§ **TASK GOAL**
Your task is to return all of the records exactly, minus any images.
*** INFORMATION SHOWN ***
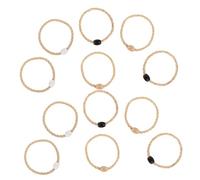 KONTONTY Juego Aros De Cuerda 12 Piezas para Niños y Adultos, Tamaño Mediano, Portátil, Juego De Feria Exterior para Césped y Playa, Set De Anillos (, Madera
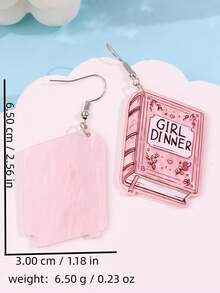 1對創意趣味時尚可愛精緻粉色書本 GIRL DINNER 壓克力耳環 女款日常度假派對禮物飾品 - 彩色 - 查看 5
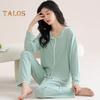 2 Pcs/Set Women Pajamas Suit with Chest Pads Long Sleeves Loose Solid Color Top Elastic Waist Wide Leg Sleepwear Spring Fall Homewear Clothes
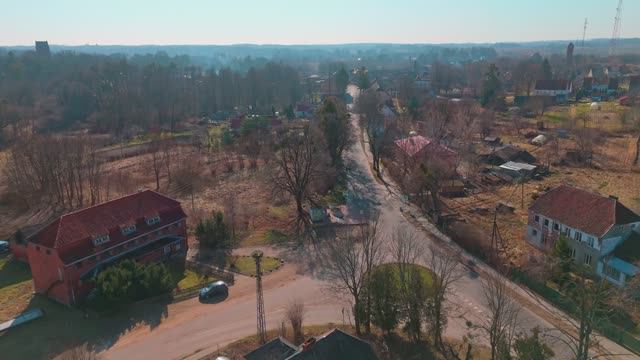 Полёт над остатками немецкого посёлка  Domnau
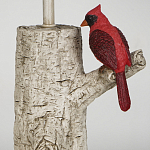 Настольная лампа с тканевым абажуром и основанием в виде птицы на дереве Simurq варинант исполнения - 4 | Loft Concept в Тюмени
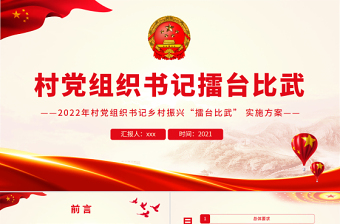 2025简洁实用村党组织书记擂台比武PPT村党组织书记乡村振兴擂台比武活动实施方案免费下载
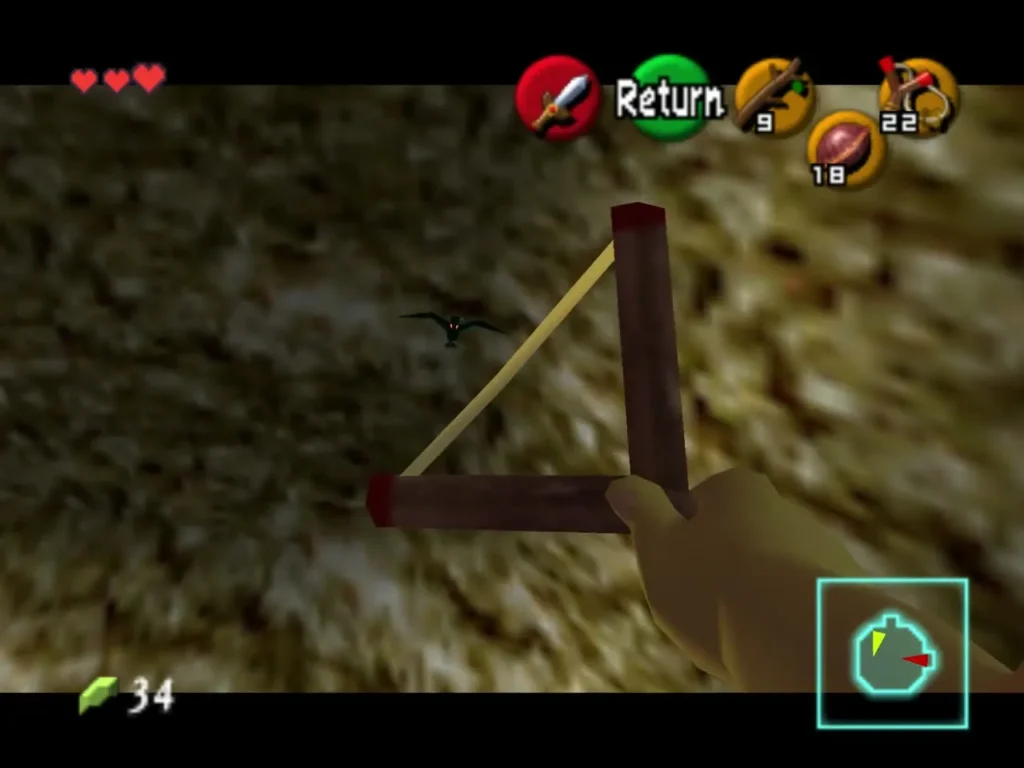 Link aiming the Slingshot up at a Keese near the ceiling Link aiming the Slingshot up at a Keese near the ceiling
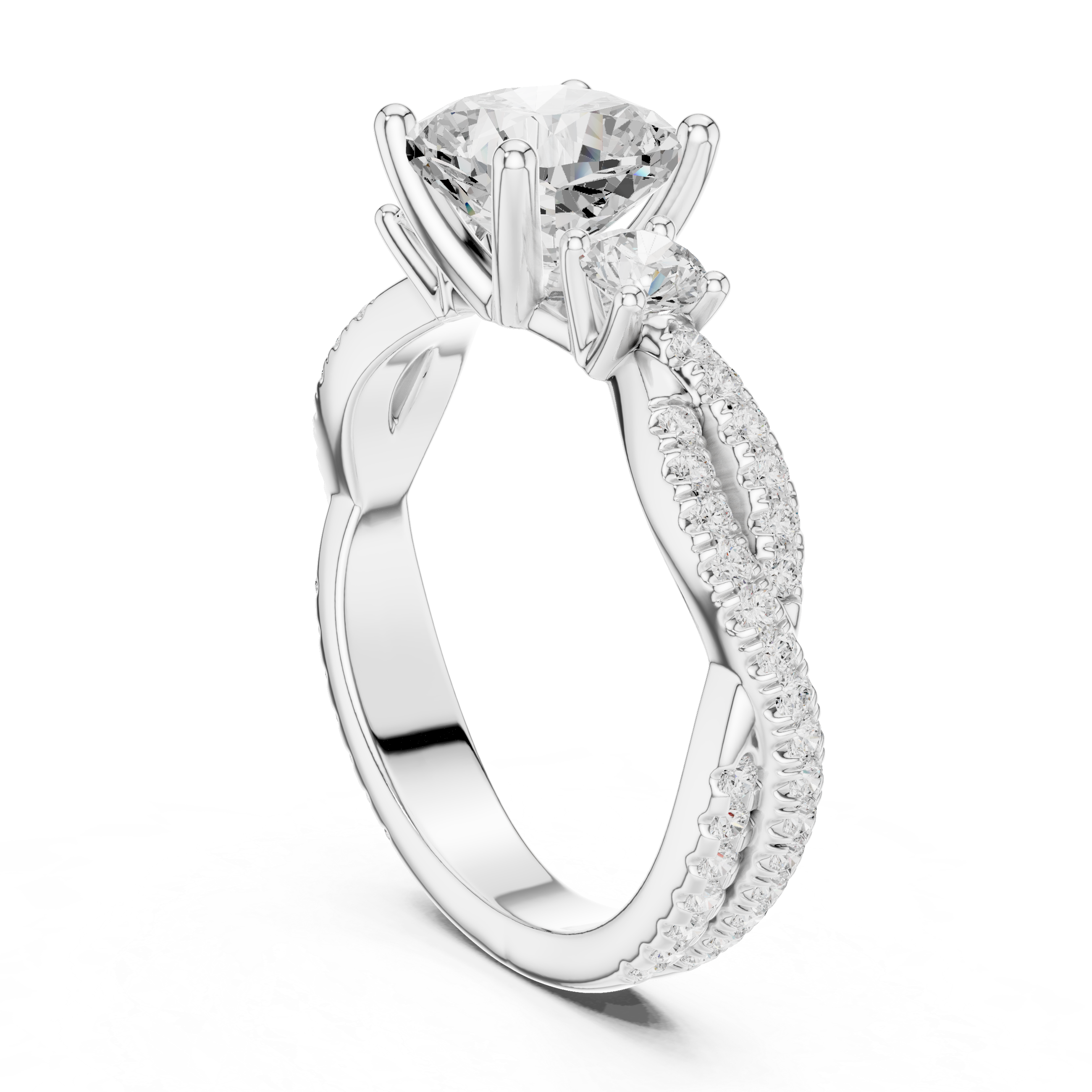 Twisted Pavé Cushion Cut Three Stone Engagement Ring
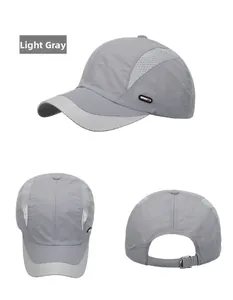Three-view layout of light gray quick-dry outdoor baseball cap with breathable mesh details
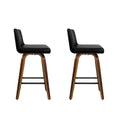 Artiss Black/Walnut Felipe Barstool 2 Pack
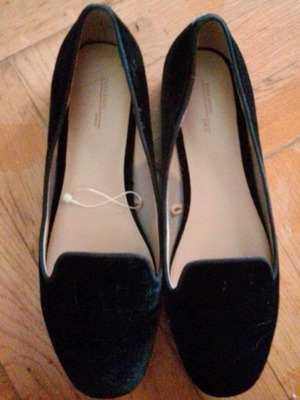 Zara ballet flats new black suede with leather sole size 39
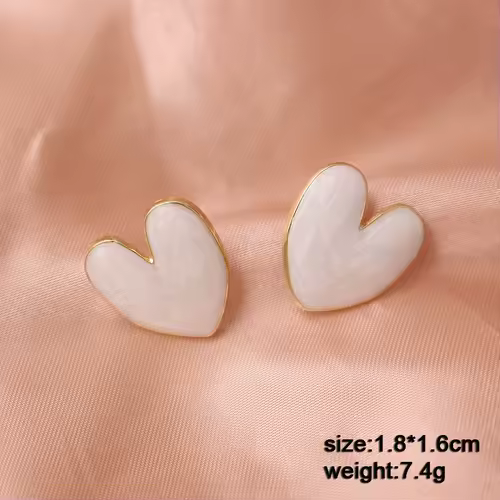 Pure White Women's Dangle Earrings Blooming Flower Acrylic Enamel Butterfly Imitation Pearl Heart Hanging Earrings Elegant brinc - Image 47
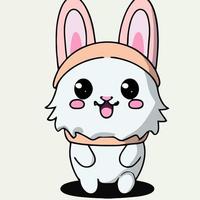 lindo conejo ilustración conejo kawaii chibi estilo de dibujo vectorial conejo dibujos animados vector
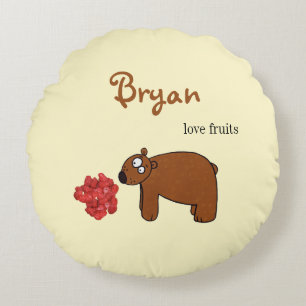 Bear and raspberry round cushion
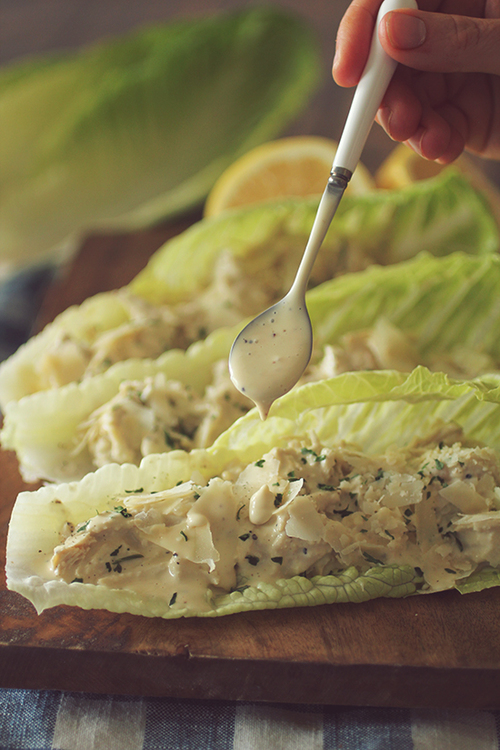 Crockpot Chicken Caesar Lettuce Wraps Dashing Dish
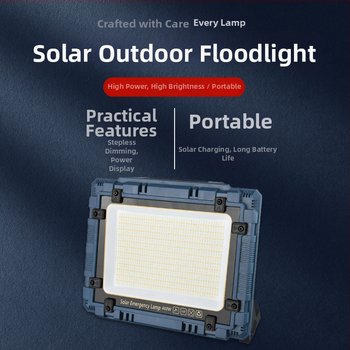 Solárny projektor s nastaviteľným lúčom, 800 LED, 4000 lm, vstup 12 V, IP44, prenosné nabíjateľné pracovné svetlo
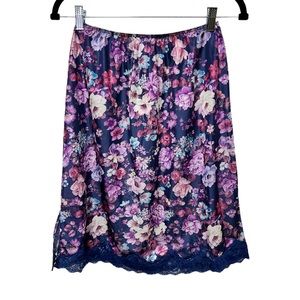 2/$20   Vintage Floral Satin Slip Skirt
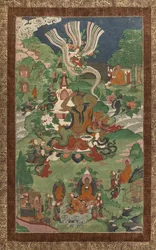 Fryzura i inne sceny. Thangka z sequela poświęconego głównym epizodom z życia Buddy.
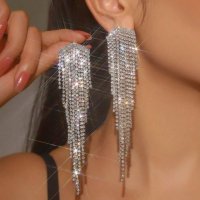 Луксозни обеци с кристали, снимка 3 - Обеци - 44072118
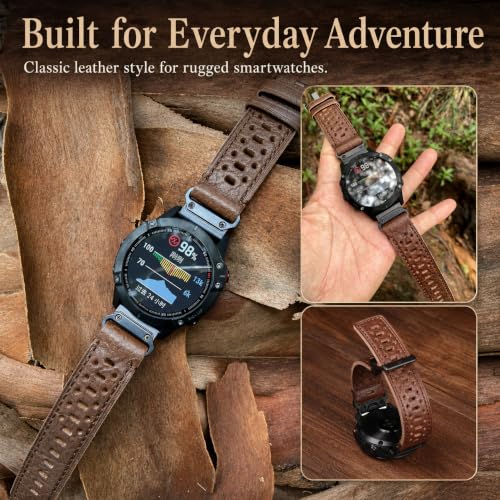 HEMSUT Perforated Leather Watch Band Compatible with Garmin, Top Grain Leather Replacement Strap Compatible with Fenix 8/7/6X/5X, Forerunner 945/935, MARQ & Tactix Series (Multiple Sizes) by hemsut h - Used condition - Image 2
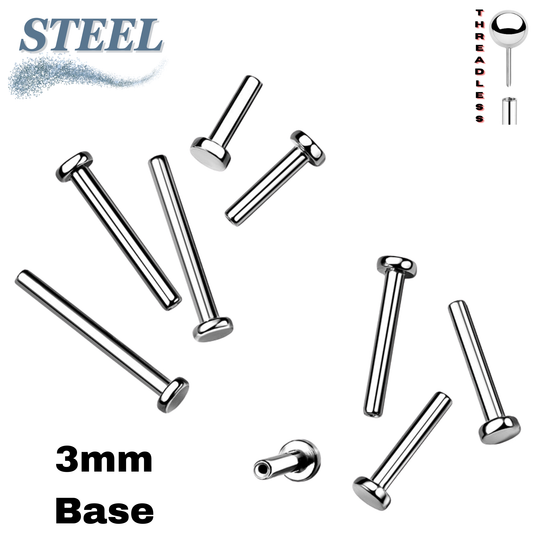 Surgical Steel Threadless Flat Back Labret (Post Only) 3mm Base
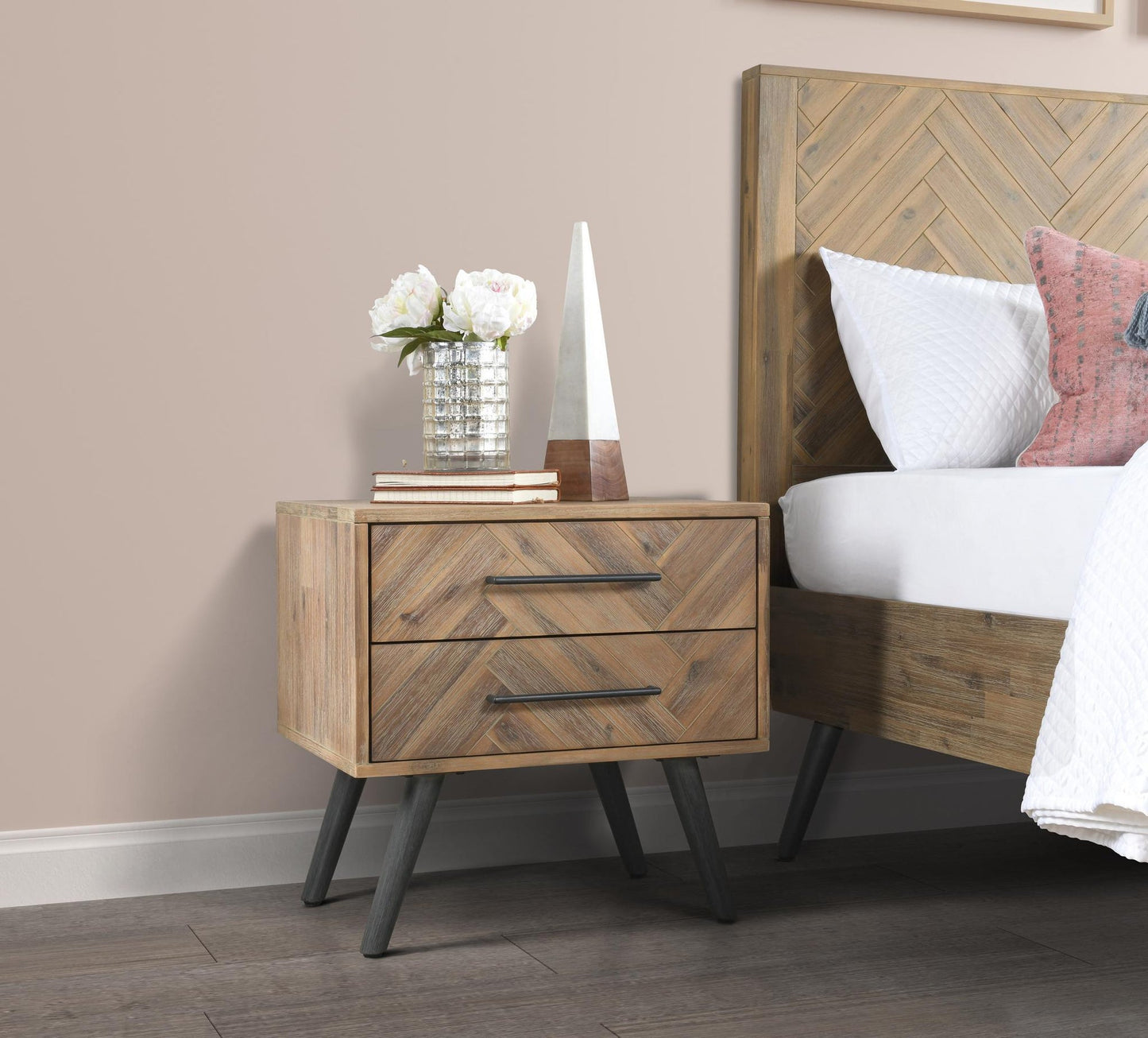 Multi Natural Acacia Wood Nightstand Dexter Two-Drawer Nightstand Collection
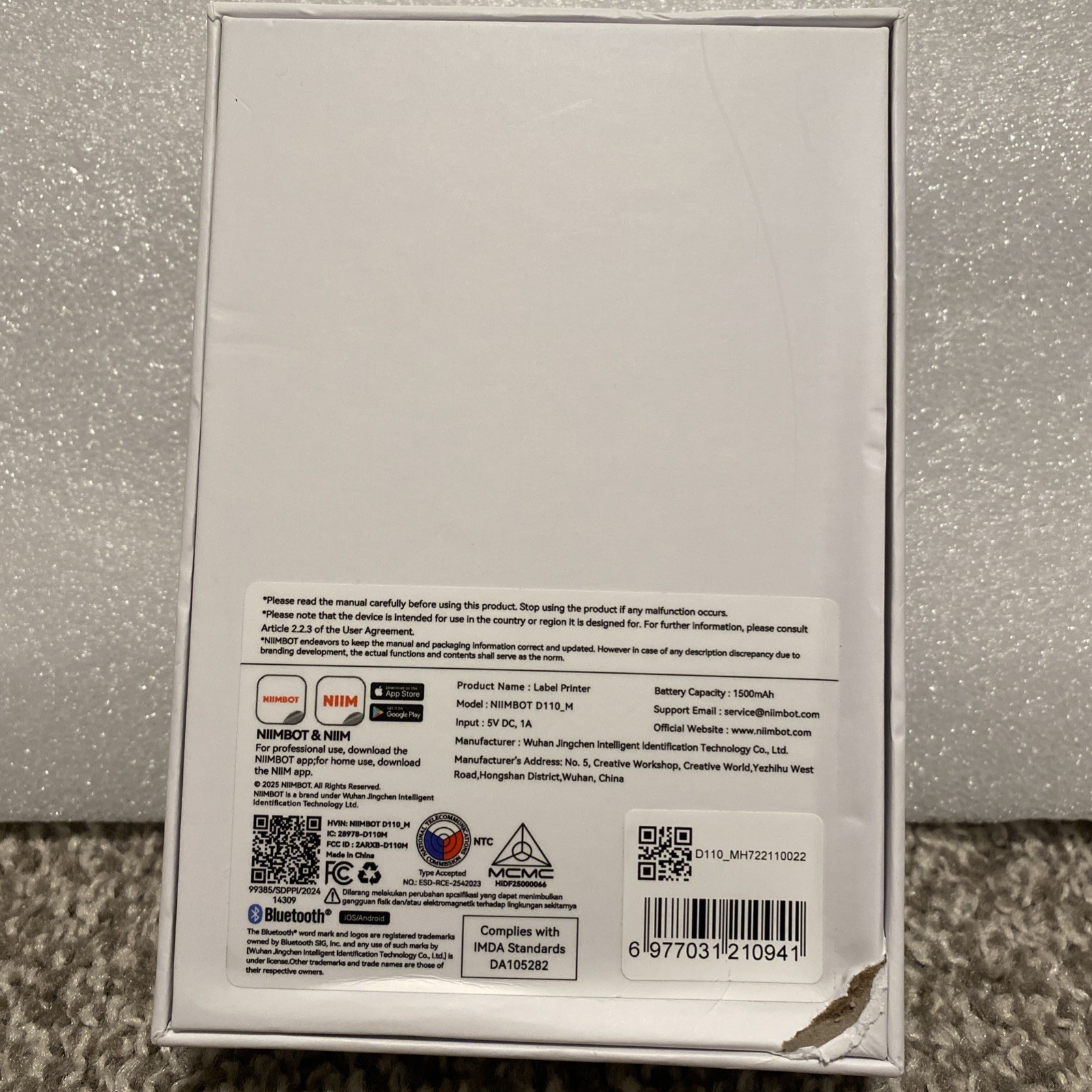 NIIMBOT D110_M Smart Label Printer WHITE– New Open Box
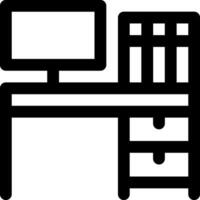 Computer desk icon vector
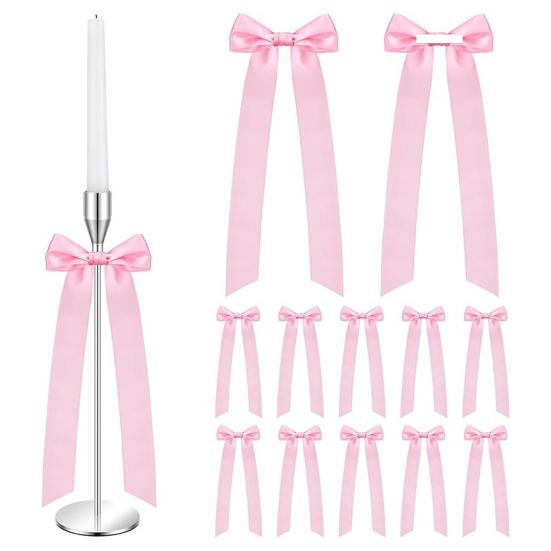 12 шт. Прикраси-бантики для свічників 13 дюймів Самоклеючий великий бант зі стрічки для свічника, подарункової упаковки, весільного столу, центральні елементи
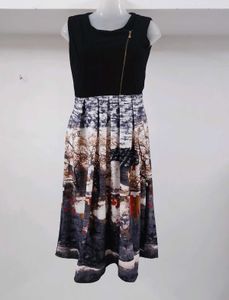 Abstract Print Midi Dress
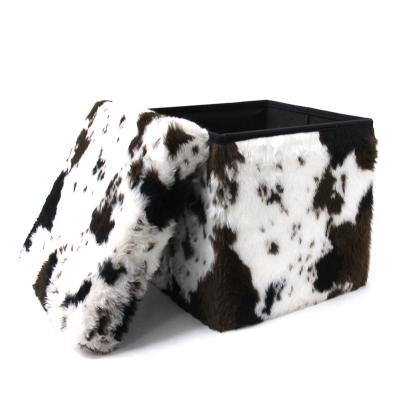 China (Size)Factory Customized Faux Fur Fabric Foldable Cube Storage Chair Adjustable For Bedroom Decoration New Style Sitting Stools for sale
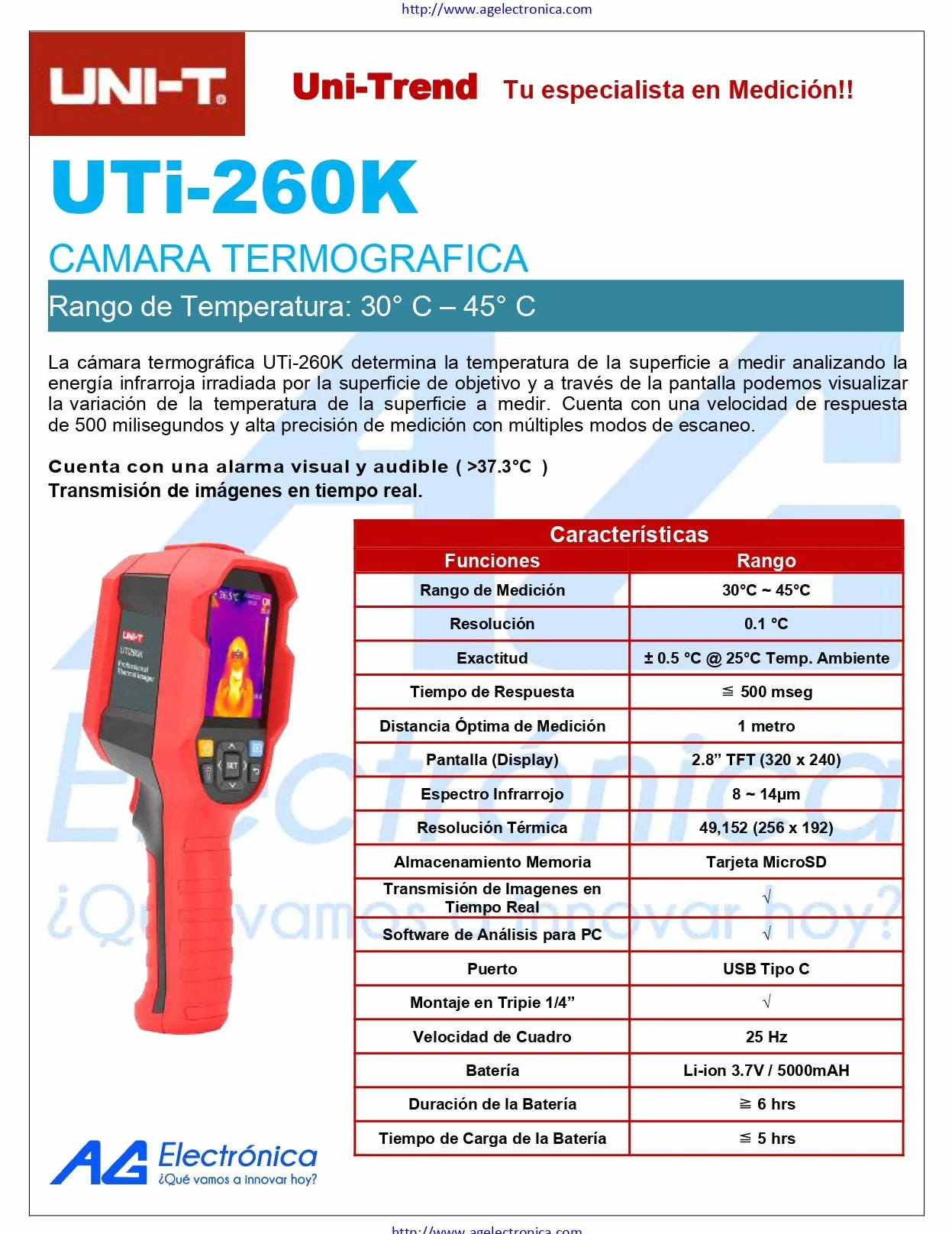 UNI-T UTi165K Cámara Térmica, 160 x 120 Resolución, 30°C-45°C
*** End of INFORMATION SHOWN ***
§ **EXERCISE ANSWER**
 KONTONTY Juego Aros De Cuerda 12 Piezas para Niños y Adultos, Tamaño Mediano, Portátil, Juego De Feria Exterior para Césped y Playa, Set De Anillos (, Madera
 1對創意趣味時尚可愛精緻粉色書本 GIRL DINNER 壓克力耳環 女款日常度假派對禮物飾品 - 彩色 - 查看 5
 2 Pcs/Set Women Pajamas Suit with Chest Pads Long Sleeves Loose Solid Color Top Elastic Waist Wide Leg Sleepwear Spring Fall Homewear Clothes
 Полёт над остатками немецкого посёлка  Domnau
 Настольная лампа с тканевым абажуром и основанием в виде птицы на дереве Simurq варинант исполнения - 4 | Loft Concept в Тюмени
 2025简洁实用村党组织书记擂台比武PPT村党组织书记乡村振兴擂台比武活动实施方案免费下载
 Link aiming the Slingshot up at a Keese near the ceiling Link aiming the Slingshot up at a Keese near the ceiling
 Twisted Pavé Cushion Cut Three Stone Engagement Ring
Three-view layout of light gray quick-dry outdoor baseball cap with breathable mesh details
 Artiss Black/Walnut Felipe Barstool 2 Pack
 Zara ballet flats new black suede with leather sole size 39
 Pure White Women's Dangle Earrings Blooming Flower Acrylic Enamel Butterfly Imitation Pearl Heart Hanging Earrings Elegant brinc - Image 47
 lindo conejo ilustración conejo kawaii chibi estilo de dibujo vectorial conejo dibujos animados vector
 Bear and raspberry round cushion
 Crockpot Chicken Caesar Lettuce Wraps Dashing Dish
 Solárny projektor s nastaviteľným lúčom, 800 LED, 4000 lm, vstup 12 V, IP44, prenosné nabíjateľné pracovné svetlo
 2/$20   Vintage Floral Satin Slip Skirt
 Fryzura i inne sceny. Thangka z sequela poświęconego głównym epizodom z życia Buddy.
 Луксозни обеци с кристали, снимка 3 - Обеци - 44072118
 HEMSUT Perforated Leather Watch Band Compatible with Garmin, Top Grain Leather Replacement Strap Compatible with Fenix 8/7/6X/5X, Forerunner 945/935, MARQ & Tactix Series (Multiple Sizes) by hemsut h - Used condition - Image 2
 Surgical Steel Threadless Flat Back Labret (Post Only) 3mm Base
 Multi Natural Acacia Wood Nightstand Dexter Two-Drawer Nightstand Collection
 NIIMBOT D110_M Smart Label Printer WHITE– New Open Box
 Computer desk icon vector
 12 шт. Прикраси-бантики для свічників 13 дюймів Самоклеючий великий бант зі стрічки для свічника, подарункової упаковки, весільного столу, центральні елементи
 Abstract Print Midi Dress
 China (Size)Factory Customized Faux Fur Fabric Foldable Cube Storage Chair Adjustable For Bedroom Decoration New Style Sitting Stools for sale
 UNI-T UTi165K Cámara Térmica, 160 x 120 Resolución, 30°C-45°C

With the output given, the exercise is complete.